Une société de courtage en assurances lui conseille de placer le fonds dans une police vie branche 23.

Monsieur traite avec l’administrateur de la société de courtage.

Six ans plus tard, Monsieur veut racheter son contrat et apprend que la valeur est de 3.640 €.

Il invoque la responsabilité du courtier pour manquement à son devoir d’information.

Le tribunal condamne la société de courtage mais pas l’administrateur.

En effet, comme mandataire de la société de courtage, la responsabilité de l’administrateur ne pouvait être retenue.

C’est la question bien connue du concours de responsabilité.

En appel, l’administrateur, la société de courtage et l’assureur en RC professionnelle de la société de courtage sont condamnés.

La Cour de cassation va casser l’arrêt (16 mars 2018, rôle n° C.17.0200.F, www.juridat.be) concernant l’administrateur.

«  Le mandataire, qui, agissant dans le cadre de son mandat commet une faute, ne peut être déclaré responsable à l’égard du tiers contractant que si cette  faute constitue un manquement à l’obligation générale de prudence. »

Le juge d’appel avait posé que « le mandataire peut encourir une responsabilité personnelle s’il commet une culpa in contrahendo, faute précontractuelle au cours des négociations devant conduire à la conclusion d’un contrat ».

Non, dit la Cour de cassation :

« L’arrêt, qui retient ainsi l’existence d’une faute extracontractuelle [de l’administrateur] au motif que le manquement à son obligation d’information et de conseil précède la conclusion du contrat d’assurance entre un tiers et [l’investisseur], alors qu’il constitue l’inexécution d’une obligation du contrat de courtage conclu entre son mandant et [l’investisseur], viole les articles 1382 et 1383 du Code civil. » 

C’est encore un arrêt sur le concours de responsabilité en matière de responsabilité d’administrateur.

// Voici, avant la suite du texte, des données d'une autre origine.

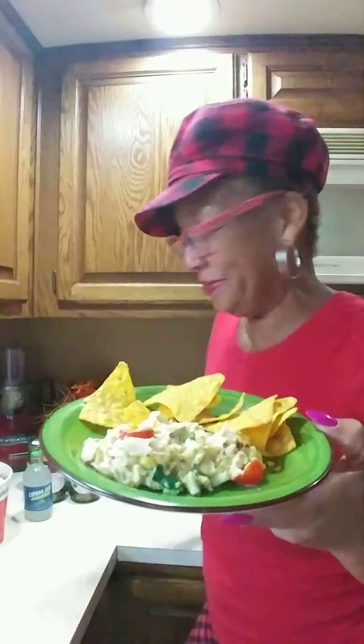Let me show you how it looks. I'ma have mine with some tortilla chips. Don't that just look delicious y'all? I'm gonna have me a cold Cayman Jack with tortilla chips and KFC, margarita style.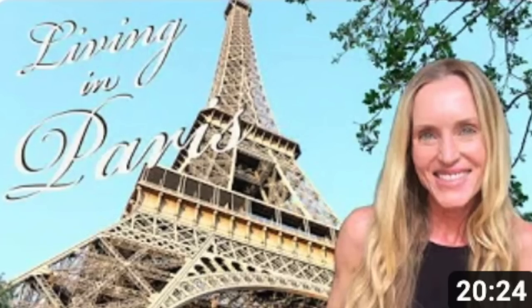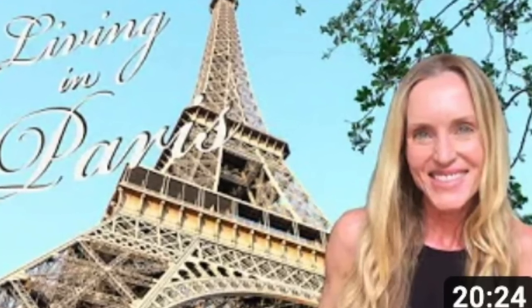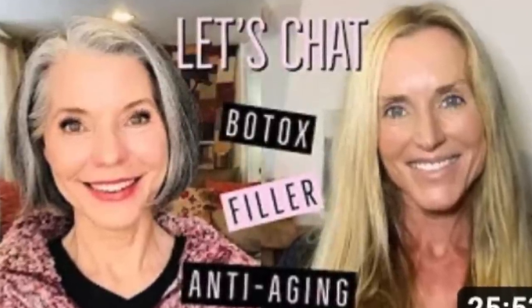I know you will love her as much as I do. And by the way, in two short days I will be on a plane to Paris to spend a week visiting Claudia. We have been FaceTiming at least once a week for the past several years and we are very good friends, but we have never actually met in person, so I can't wait to hug her and hang out with her, and I'm pretty sure we'll be doing a video or two together.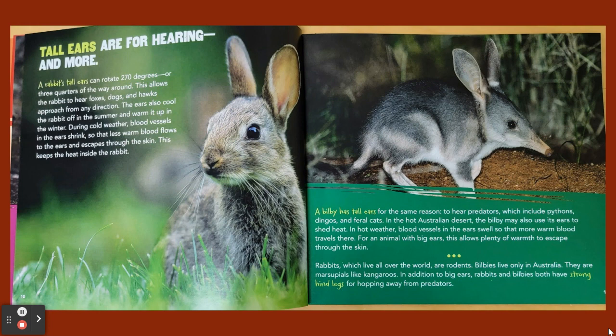A bilby has tall ears for the same reason — to hear predators, which includes pythons, dingoes, and feral cats. In the hot Australian desert, the bilby may also use its ears to shed heat. In hot weather, blood vessels in the ears swell so that more warm blood travels there, allowing plenty of warmth to escape through the skin. Rabbits, which live all over the world, are rodents. Bilbies live only in Australia and are marsupials, like kangaroos. In addition to big ears, rabbits and bilbies both have strong hind legs for hopping away from predators.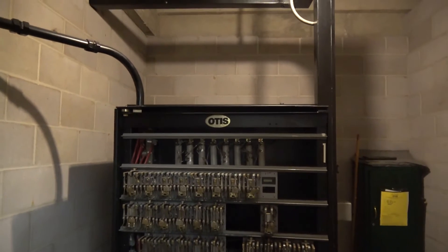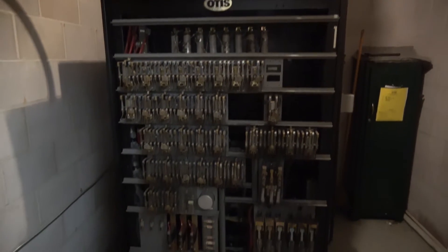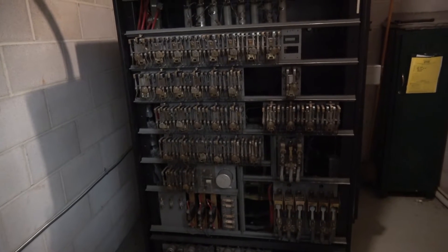Alright. This is the elevator machine room. Let's watch this in action. Here we go.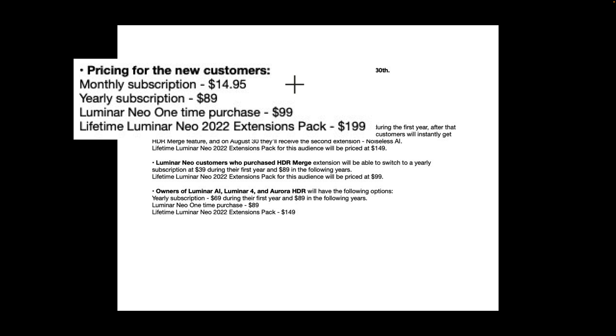There's also what's called the Lifetime Luminar Neo 2022 extension pack at $199. That doesn't mean you get every extension they release forever — it means you get these seven extensions being released in 2022 and you own them outright for life. If they come out with an eighth, ninth, or tenth extension, you're going to have to purchase those separately.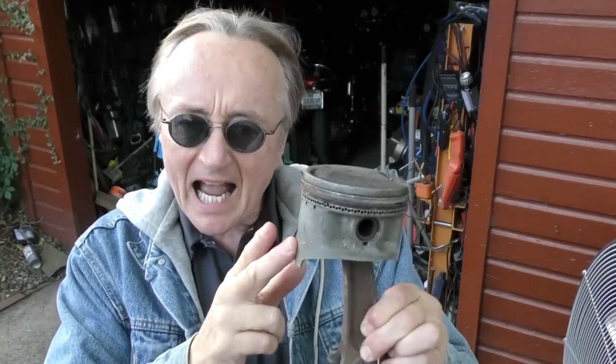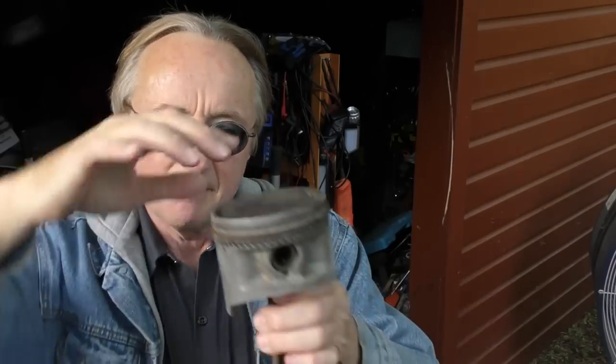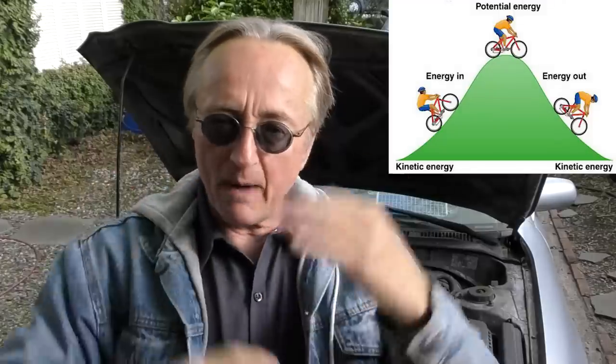Rev up your engines. Today I'm going to explain the difference between horsepower and torque in a modern day engine. A modern engine creates energy by gasoline burning inside the cylinder and the pistons moving down, pushing power. Internal combustion engines change potential energy of gasoline into kinetic energy of motion, because you want to move the tires to get going.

Celui-ci n’est responsable de la faute contractuelle de la société que s’il a commis en représentant la société dans un contrat une faute qui constitue aussi un manquement à l’obligation générale de prudence qui existerait indépendamment du contrat.

C’est pourquoi on a pu parler de l’immunité de l’agent d’exécution.

L’intérêt de cet arrêt est que la théorie du concours de responsabilité est appliqué au stade précontractuel.